Another little sidetrack. As I was waiting for the tour bus to take me back downtown, I came upon the longest limo I've ever seen. As I walked by it, I asked the driver if it was for the bridal party I could see having pictures taken in the amphitheater. And he said that it was for a different bridal party than the one I could see. He told me that car was 30 feet long and asked if I'd like to look in it. Look at the pics! There were at least five bridal parties having pictures taken at the same time. At least it wasn't completely like a Moon Church wedding.
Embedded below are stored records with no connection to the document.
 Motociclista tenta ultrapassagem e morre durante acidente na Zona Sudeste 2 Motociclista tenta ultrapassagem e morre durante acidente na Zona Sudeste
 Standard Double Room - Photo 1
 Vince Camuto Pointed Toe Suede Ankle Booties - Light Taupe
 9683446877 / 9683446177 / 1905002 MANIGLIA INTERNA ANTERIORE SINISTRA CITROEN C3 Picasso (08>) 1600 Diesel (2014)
At the far end of the park, a local merchant had built an Arts and Crafts style mansion which has been given to the city. I toured the mansion and tried to take pictures outside. I really only caught a door and window that I thought were worth saving. My impression of the house, beyond the fact that I would have loved to live there, was Frank Lloyd Wright! I didn't know that much of his style fit in The Arts and Crafts school of architecture. I thought he had invented his own called to Prairie Style. I have seen a number of right houses including those he called Usonian. This house, the Marston mansion, had a great deal of woodwork. In some ways it made me think about post-and beam house where the beams were covered with finished wood. Every room had wainscoting. Both the doors and windows had a lot of glass but had vertical strips of wood dividing the glass. The floors in the public spaces were oak and each room had a border of oak flooring and then the regular oak boards in the center of the frame. The nonpublic rooms were floored in hemlock. Most every room had built in cabinets with wooden doors. The furniture in the living room was Stickley. The sitting room upstairs was furnished in Wicker and we were told that the Wicker which used to make the room feel lighter. The outside of the house was brick. It really was very attractive but I like Frank Lloyd Wright buildings. He did not design this but it felt like he could have.
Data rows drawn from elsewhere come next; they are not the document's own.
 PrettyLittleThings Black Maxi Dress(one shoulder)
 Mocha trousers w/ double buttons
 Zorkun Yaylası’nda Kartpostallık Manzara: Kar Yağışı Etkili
I went to the San Diego zoo which is also in Balboa Park. I took some pics, mostly of animals I was unfamiliar with. While on the tour bus, we went by a section of the park labeled Kopje. Each time we passed it, I asked myself what kind of animal that could be. When I left the bus back and entered that section. Dummy!! Kopje is a South African Boer word pronounced copy and means little head. It's a little pile of rocks in which animals live. In this rock pile, there were the cutest little klipspringers (cliffspringer's). They can jump from a standing start 10 feet. They use this ability to escape from predators by jumping from rock to rock. I have to admit that the zoo didn't thrill me. Okay but not unique like I expected.
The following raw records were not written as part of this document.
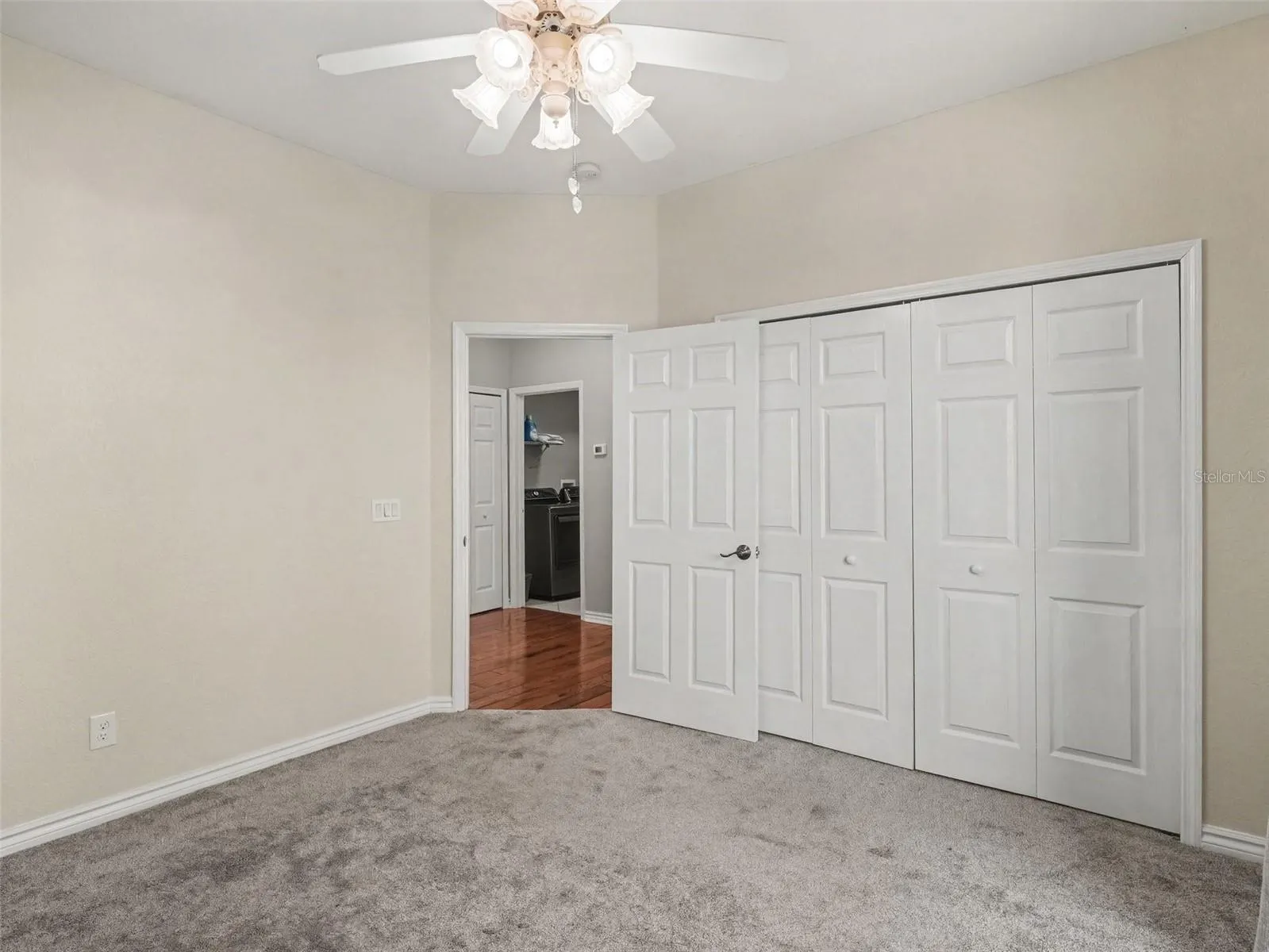 1380 WASHINGTON DR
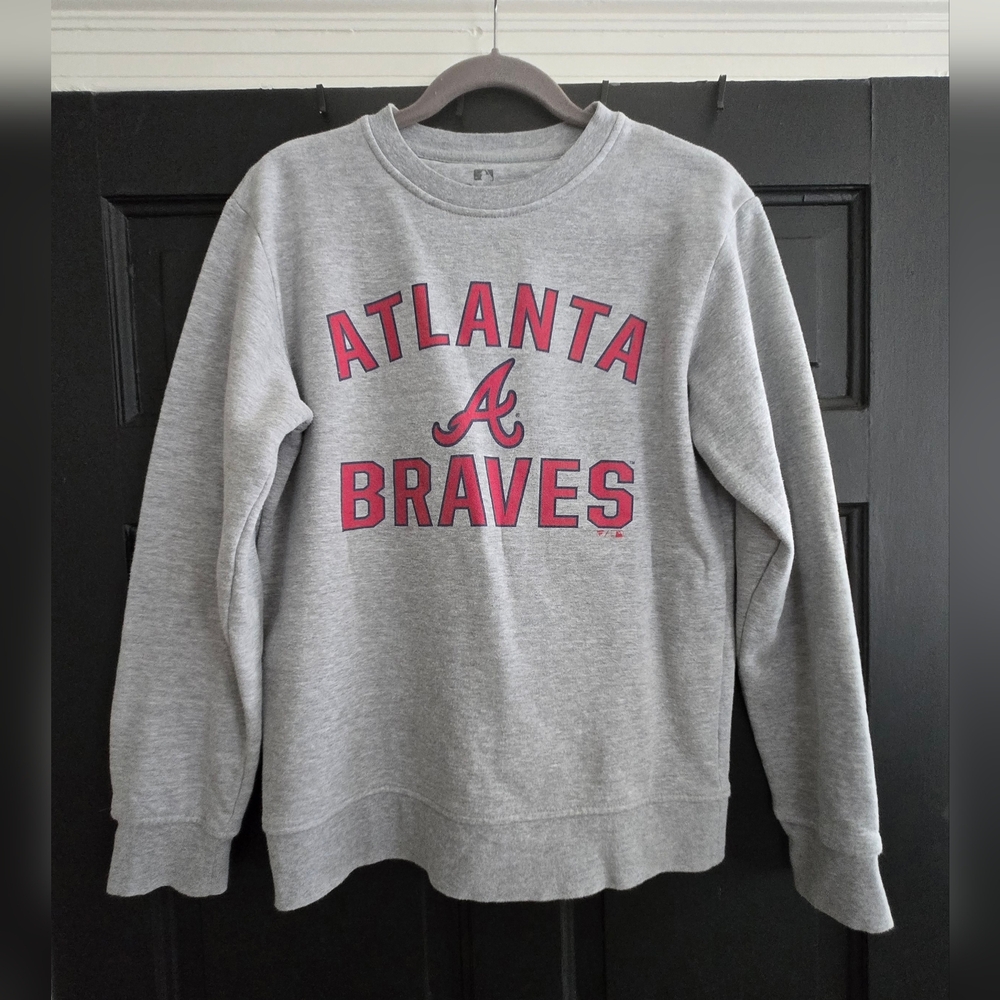 Fanatics Gray Atlanta Braves Sweatshirt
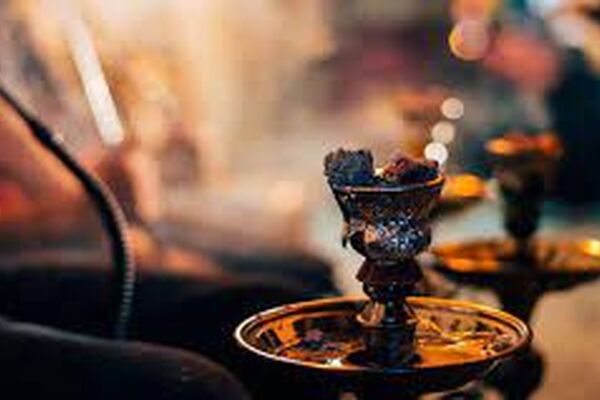 افرادی که قلیان و مواد مخدر مصرف می‌کنند در معرض این بیماری خطرناک هستند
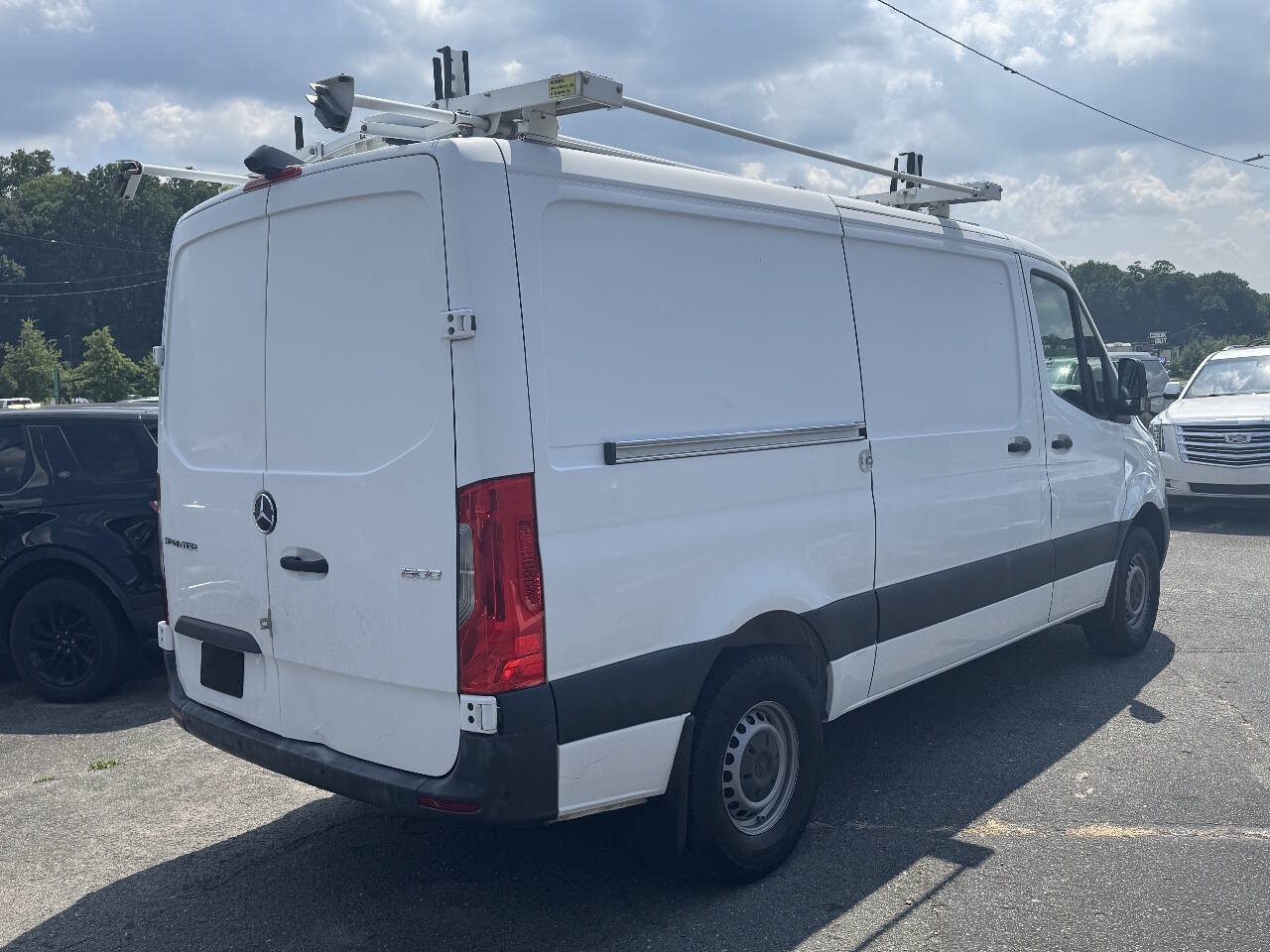 Used 2019 Mercedes-Benz Sprinter 1500 image 4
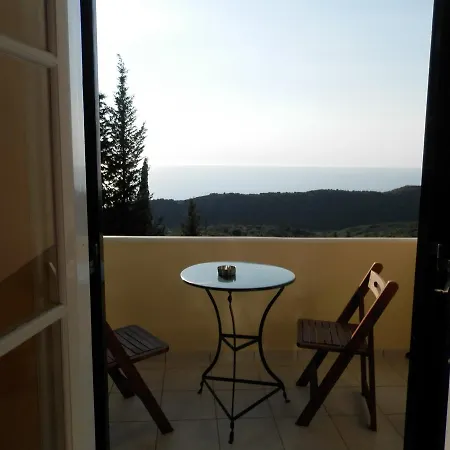 Ξενοδοχείο με διαμερίσματα Green Villa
Something that did really thrill me was a Japanese garden in Balboa Park. I called my daughter-in-law, Krista, to talk about the loggia. It was unique. Over a post-and beam frame, a crosshatch of bamboo pieces were lashed together. Vines had been trained to climb over the bamboo. Beautiful. Simple. Eco friendly! the rate stone in the rock garden was just as simple and beautiful. The theme throughout the garden seemed to be water running slowly through bamboo. It was a bamboo piece that dripped of water into a piece of bamboo wage Winfield tipped over and dumped out the water. Unphotographable! of their bamboo fountains dripped water into the stone pots or simply to rein in a slight stream of water continuously. Somehow not one photograph came out. But I loved every bit of it.